I have one foot out the door. "Don't go," a woman in the back of the lounge says, "She's awesome." Then a steamy voice arises from the crowd. I swim through the bodies until I come to a dark violet figure, the space around her inhabited by a sea of mesmerized faces. "Awesome" is a word I've heard too many times to be able to use it to describe the new way I am struck by Krystle Warren. She doesn't scare me with her skill or shake me with her song. Instead, her husky voice just seeps in, while the subtly electrifying reverberations stir me, like an underground current.

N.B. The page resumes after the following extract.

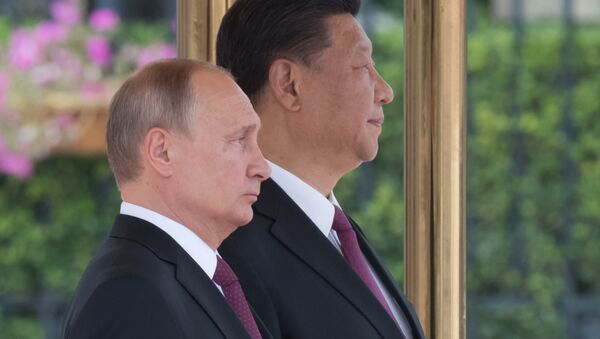 El presidente de Rusia, Vladímir Putin, y el presidente de China, Xi Jinping (archivo) - Sputnik Mundo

She is slender and tough, with her pelvis tilted back behind the guitar. Completely absorbed, she shrugs off a glass of water between songs; "I'm allergic to water." Her straightforward, focused masculine confidence is overshadowed by her womanly silhouette as she sings of throbbing vulnerability: "Too young to know, too shy to ask. So we lay in the bed with the thoughts in our head..." Her chin perks and her head shimmies with the high notes. Her right arm chugs the guitar like the side rods on a train, and her left foot stomps out an imaginary cigarette; a ricochet of her melodies. Her face cringes into the grimace of a crazed cry. I almost cry with her, my stomach cracking with the tug of her chords, until I see her mouth explode into a wide, toothy grin. She closes her eyes and bites the air with a scintillating high note.
"My third love," she sings, her voice like a bear humming from deep in a cave. Wait. Didn't she mean "my first love?" No, she repeats it again and again: "My third love. My third love. My third love." But it doesn't matter, because no matter what number this love is, it can still be disappointing. Falling in love has an overarching daze of enchantment to it, but on a day-to-day reality, intimacy is about quirks and compatibility. I hear this as Warren's voice slips and slides into the sorrow: "My third love was never loving."
Krystle Warren resists being categorized with other famous black female artists. Her voice is sandier and feistier than Chapman's. She is more hollow and more bass than Hill. And unlike Nina Simone, she is giddily soulful, as she finishes "My Third Love" and tells us, "That was the angriest song here tonight, all the rest are very happy."
Krystle Warren is a preacher, even though she hasn't started a church yet. Her verse digs into the gut and then tapers off with a wispy, feminine breath. Some sit on the floor wearing wide grins, others bounce their knees from the stools at the bar. She raises a smooth arm and delicate hand to beckon the audience. She scats that she refuses to end her song until we are all singing with her. She invokes love. A roomful of strangers in Amnesia Lounge shyly declares that there is love out there and we will find it.